■ Dataset section ■
• • • • •
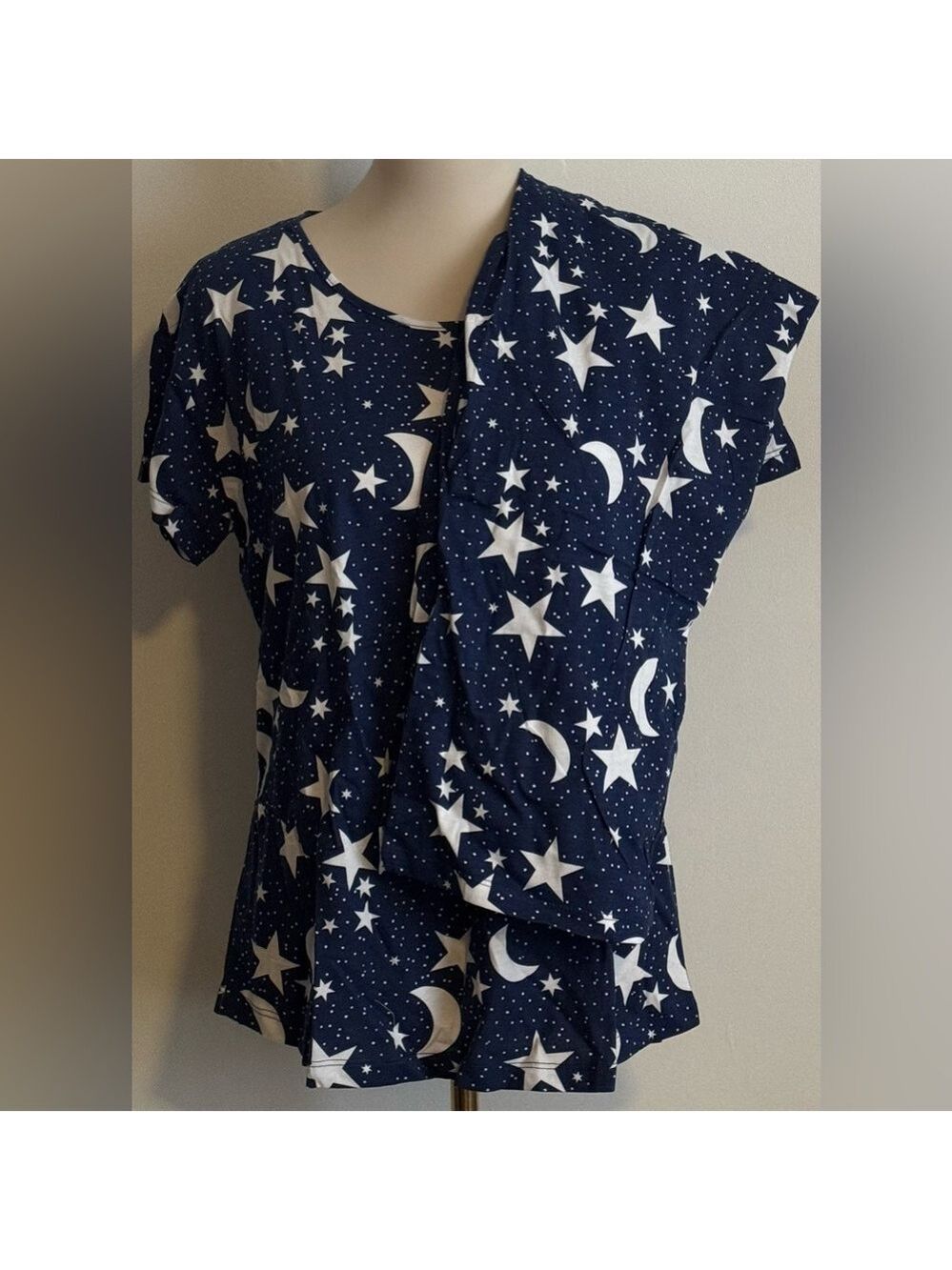 Navy Starry Night Women's Short Sleeve Tee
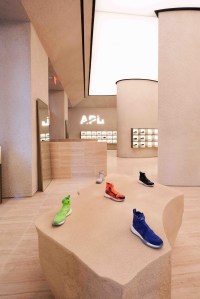 Inside the new APL store opening in Soho.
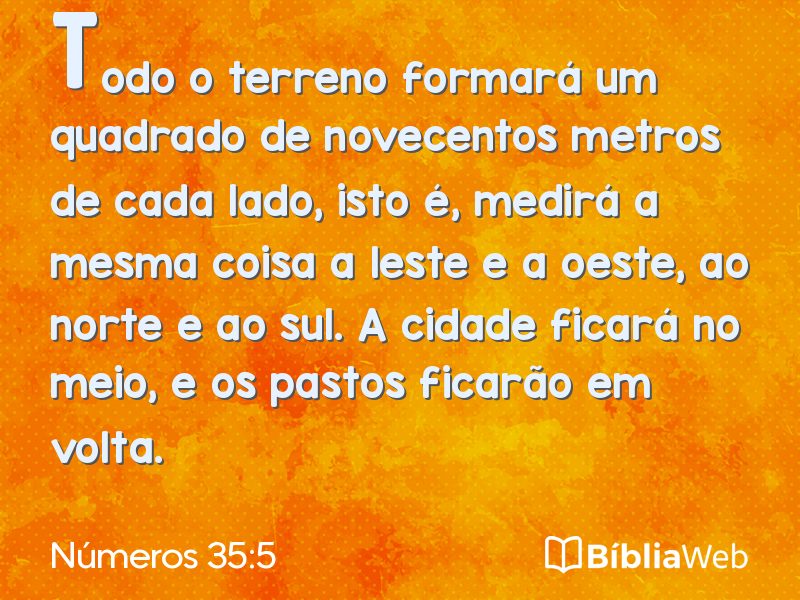Números 35:5 em imagem para compartilhar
• • • • •
■ Task objective ■
Leaving the pictures aside, write out only the lines from the one containing "Inside the new APL store opening in Soho." through the end of the material, exactly as they stand.

■ Solution for this exercise ■
 Inside the new APL store opening in Soho.
Números 35:5 em imagem para compartilhar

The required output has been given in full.